━━ Exercise data ━━

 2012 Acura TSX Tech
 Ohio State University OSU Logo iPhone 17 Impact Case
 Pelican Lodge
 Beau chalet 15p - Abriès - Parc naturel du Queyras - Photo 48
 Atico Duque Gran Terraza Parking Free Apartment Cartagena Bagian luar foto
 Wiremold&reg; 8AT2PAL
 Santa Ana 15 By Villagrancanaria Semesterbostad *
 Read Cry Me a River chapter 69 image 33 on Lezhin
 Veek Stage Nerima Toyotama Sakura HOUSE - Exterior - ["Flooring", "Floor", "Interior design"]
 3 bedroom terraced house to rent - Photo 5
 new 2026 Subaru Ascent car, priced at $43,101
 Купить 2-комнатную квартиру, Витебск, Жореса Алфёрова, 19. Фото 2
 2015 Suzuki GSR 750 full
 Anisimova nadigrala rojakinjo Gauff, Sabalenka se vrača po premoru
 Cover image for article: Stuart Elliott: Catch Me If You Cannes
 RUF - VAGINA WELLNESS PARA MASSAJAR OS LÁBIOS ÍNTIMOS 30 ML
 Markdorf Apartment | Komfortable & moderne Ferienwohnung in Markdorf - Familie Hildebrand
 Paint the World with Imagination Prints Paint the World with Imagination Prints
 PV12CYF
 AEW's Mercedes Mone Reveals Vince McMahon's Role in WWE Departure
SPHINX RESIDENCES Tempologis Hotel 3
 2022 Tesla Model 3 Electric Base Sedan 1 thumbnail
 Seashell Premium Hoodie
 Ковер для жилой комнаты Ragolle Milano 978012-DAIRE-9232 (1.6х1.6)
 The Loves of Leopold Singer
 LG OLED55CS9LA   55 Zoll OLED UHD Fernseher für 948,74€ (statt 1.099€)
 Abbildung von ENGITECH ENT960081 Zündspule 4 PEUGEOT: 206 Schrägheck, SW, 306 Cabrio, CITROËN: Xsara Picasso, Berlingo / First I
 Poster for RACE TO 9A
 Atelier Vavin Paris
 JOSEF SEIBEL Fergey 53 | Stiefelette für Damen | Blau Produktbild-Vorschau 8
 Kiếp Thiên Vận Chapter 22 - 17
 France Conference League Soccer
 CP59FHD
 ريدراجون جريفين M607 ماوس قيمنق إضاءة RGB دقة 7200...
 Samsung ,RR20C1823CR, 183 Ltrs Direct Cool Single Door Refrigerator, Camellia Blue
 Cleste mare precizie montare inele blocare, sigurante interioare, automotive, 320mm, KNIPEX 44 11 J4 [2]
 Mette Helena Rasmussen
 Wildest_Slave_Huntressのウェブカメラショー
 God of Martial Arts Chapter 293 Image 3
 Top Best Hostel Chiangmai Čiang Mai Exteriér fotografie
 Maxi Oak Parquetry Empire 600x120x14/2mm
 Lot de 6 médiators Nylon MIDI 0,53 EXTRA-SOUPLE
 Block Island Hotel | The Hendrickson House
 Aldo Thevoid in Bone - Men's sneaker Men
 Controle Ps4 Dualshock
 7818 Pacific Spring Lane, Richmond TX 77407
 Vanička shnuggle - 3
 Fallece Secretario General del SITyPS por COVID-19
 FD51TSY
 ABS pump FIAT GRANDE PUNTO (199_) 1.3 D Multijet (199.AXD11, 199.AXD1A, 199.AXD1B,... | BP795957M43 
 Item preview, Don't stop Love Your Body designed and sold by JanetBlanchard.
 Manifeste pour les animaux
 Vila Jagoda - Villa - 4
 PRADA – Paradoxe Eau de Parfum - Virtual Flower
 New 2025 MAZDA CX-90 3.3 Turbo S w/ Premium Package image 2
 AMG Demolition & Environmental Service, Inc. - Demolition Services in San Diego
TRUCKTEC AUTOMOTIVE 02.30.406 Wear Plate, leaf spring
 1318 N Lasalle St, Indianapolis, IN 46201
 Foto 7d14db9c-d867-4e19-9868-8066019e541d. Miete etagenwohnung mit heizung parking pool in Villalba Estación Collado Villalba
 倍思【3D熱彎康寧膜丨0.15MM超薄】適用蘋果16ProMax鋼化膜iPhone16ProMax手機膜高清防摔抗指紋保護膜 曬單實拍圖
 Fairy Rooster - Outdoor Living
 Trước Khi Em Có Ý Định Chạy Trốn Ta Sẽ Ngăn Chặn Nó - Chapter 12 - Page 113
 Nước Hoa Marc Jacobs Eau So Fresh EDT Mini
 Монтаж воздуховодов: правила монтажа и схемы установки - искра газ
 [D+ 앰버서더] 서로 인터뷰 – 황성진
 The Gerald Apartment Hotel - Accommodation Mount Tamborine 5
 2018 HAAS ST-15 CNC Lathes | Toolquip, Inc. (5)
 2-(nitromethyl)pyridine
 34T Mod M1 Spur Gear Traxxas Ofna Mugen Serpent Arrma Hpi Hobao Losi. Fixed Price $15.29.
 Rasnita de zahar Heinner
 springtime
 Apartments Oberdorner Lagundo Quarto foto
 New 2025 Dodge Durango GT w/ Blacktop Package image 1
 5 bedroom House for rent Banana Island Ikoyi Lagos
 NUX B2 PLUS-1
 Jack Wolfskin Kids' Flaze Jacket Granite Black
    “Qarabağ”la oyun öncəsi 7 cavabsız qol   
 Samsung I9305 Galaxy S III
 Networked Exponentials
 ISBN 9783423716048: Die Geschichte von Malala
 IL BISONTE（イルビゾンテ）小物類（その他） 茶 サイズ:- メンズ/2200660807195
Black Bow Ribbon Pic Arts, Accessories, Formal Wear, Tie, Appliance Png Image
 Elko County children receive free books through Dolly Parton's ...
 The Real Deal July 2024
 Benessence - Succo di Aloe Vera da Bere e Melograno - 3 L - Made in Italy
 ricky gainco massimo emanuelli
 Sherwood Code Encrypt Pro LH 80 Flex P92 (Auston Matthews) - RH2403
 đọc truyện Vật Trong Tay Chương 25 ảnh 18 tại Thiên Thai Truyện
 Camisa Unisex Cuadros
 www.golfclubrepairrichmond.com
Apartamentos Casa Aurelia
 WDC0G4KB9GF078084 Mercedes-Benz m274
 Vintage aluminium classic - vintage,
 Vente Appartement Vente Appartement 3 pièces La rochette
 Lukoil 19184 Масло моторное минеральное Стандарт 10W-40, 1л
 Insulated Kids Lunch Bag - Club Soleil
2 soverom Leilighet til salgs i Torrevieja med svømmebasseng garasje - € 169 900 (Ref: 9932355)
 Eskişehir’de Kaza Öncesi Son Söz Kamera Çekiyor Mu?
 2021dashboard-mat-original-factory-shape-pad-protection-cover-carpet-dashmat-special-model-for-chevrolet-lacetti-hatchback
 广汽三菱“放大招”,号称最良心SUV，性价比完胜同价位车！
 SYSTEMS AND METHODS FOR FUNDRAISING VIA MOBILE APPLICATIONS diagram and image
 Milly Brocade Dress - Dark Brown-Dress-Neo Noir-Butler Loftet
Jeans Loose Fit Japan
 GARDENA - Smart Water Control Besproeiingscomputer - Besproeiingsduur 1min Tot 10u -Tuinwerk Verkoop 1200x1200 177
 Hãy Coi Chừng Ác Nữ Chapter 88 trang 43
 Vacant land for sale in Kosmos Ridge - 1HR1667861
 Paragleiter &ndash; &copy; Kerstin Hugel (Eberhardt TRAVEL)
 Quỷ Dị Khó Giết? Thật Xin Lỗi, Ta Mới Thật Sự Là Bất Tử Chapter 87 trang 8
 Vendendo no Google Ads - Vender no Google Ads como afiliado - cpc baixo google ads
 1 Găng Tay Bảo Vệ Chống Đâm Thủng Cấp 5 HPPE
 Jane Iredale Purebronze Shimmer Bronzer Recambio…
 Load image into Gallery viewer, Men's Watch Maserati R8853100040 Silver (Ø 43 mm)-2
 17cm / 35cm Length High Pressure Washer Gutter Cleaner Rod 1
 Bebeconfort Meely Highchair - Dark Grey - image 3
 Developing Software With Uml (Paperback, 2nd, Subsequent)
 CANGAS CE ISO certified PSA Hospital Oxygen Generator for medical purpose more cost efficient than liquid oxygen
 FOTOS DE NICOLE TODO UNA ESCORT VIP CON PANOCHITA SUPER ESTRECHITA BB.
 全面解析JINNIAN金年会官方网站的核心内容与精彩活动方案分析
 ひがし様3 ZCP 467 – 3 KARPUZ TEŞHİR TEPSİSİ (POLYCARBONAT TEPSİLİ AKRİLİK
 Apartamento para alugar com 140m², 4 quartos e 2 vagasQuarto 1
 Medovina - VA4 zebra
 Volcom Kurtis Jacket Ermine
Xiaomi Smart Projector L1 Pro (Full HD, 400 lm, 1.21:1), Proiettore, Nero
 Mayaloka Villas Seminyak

━━━

Although the records may continue, retype only the lines from the first one through the one containing "Anisimova nadigrala rojakinjo", exactly as they appear.

_Output for this task_
 2012 Acura TSX Tech
 Ohio State University OSU Logo iPhone 17 Impact Case
 Pelican Lodge
 Beau chalet 15p - Abriès - Parc naturel du Queyras - Photo 48
 Atico Duque Gran Terraza Parking Free Apartment Cartagena Bagian luar foto
 Wiremold&reg; 8AT2PAL
 Santa Ana 15 By Villagrancanaria Semesterbostad *
 Read Cry Me a River chapter 69 image 33 on Lezhin
 Veek Stage Nerima Toyotama Sakura HOUSE - Exterior - ["Flooring", "Floor", "Interior design"]
 3 bedroom terraced house to rent - Photo 5
 new 2026 Subaru Ascent car, priced at $43,101
 Купить 2-комнатную квартиру, Витебск, Жореса Алфёрова, 19. Фото 2
 2015 Suzuki GSR 750 full
 Anisimova nadigrala rojakinjo Gauff, Sabalenka se vrača po premoru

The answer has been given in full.